Solving for \(b^{(i+1)}\) we have

\[b^{(i+i)} = b^{(i)} + \frac{\alpha_k(\theta) - \pi_k(b^{(i)};\theta)}{\pi_k^\prime(b^{(i)}; \theta)}= b^{(i)} - \frac{\alpha_k(\theta) - \pi_k(b^{(i)};\theta)}{g_k(b^{(i)}; \theta)}\tag{8}\] and iterate until \(|b^{(i+1)}-b^{(i)}|<\epsilon\) for some tolerance level \(\epsilon>0\) and \(\pi_k(b^{(i+1)};\theta)-\alpha_k(\theta)\) is suitably small. A simple starting value for any \(k\) is

\[b^{(0)} = \Phi^{-1}(1- \alpha_k(\theta)) + \sqrt{\mathcal{I}_k}\theta(t_k).\tag{9}\] Normally, \(b_k\) will be calculated with \(\theta(t_k)=0\) for \(k=1,2,\ldots,K\) which simplifies the above. However, \(a_k\) computed analogously will often use a non-zero \(\theta\) to enable so-called \(\beta\)-spending.

Numerical integration

The numerical integration required to compute boundary probabilities and derive boundaries is the same as that defined in section 19.3 of Jennison and Turnbull (2000). The single change is the replacement of the non-proportional effect size assumption of equation (3) above replacing the equivalent of equation (4) used for a constant effect size as in Jennison and Turnbull (2000).

References

Jennison, Christopher, and Bruce W. Turnbull. 2000. Group Sequential Methods with Applications to Clinical Trials. Boca Raton, FL: Chapman; Hall/CRC.

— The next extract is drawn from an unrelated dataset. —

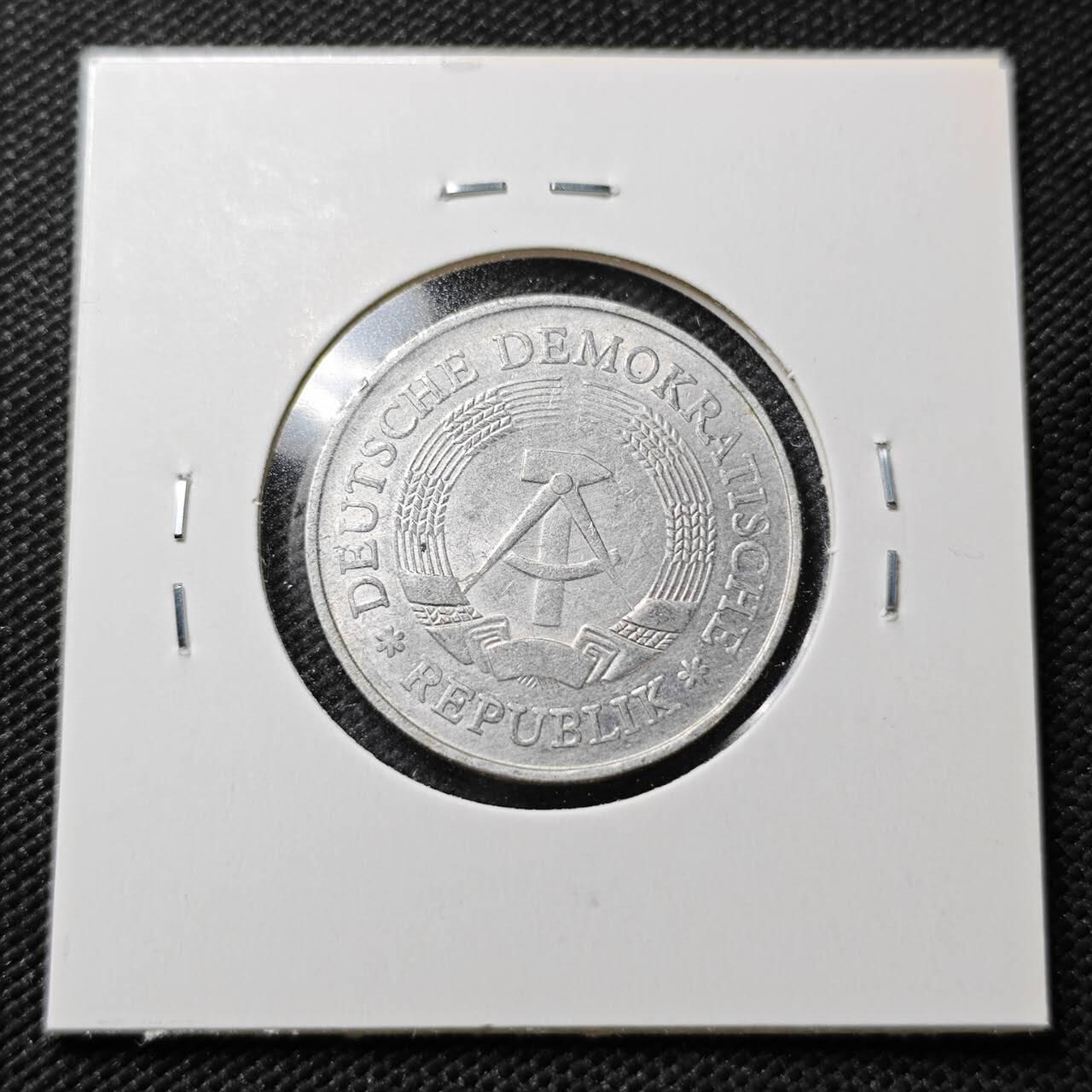 KK钱币收藏小铺  第362场  2月预留时间 周末发货  1977东德1马克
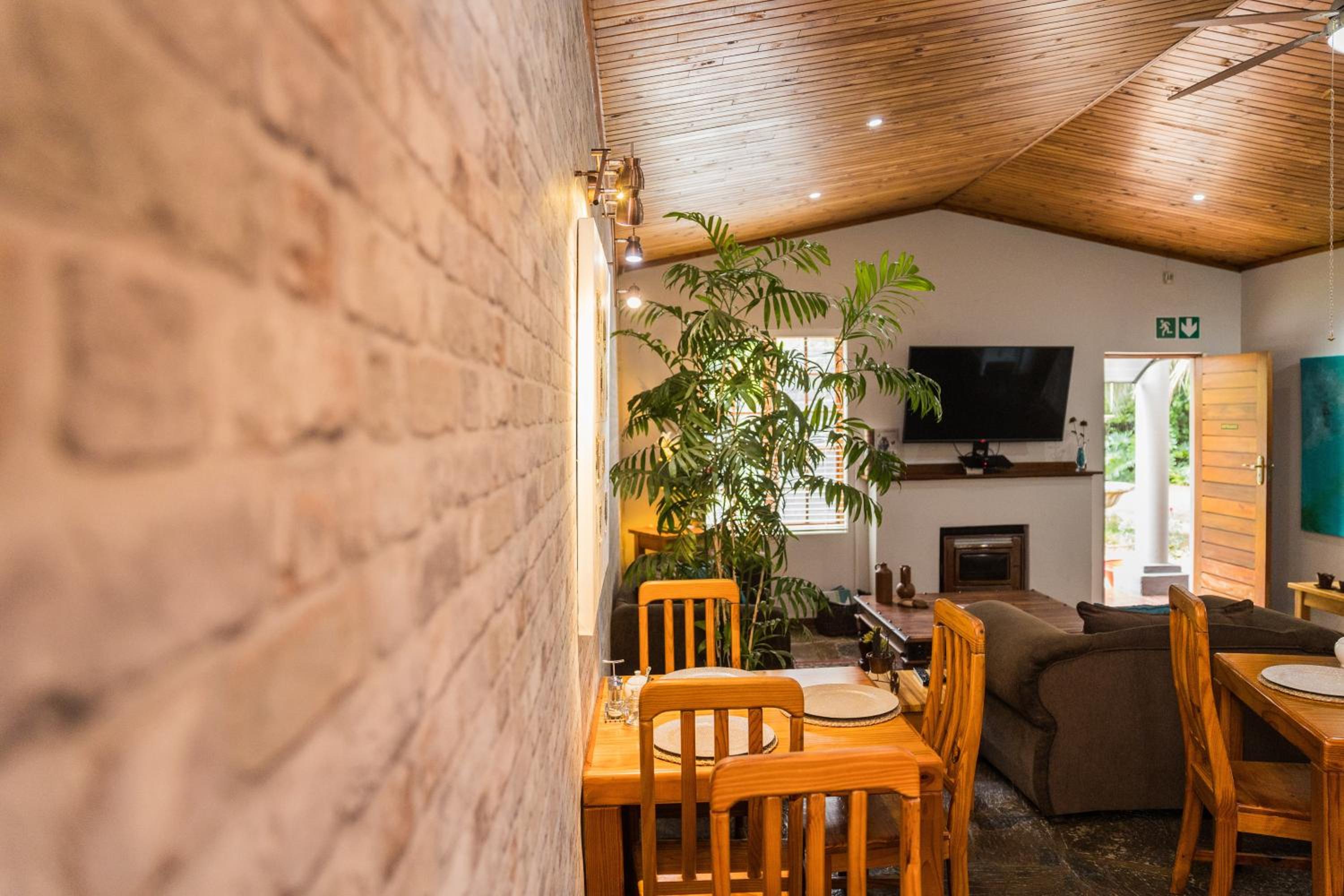 Rozendal Guest House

Proschan, Michael A., K. K. Gordon Lan, and Janet Turk Wittes. 2006. Statistical Monitoring of Clinical Trials. A Unified Approach. New York, NY: Springer.

Tsiatis, Anastasios A. 1982. “Repeated Significance Testing for a General Class of Statistics Use in Censored Survival Analysis.” Journal of the American Statistical Association 77: 855–61.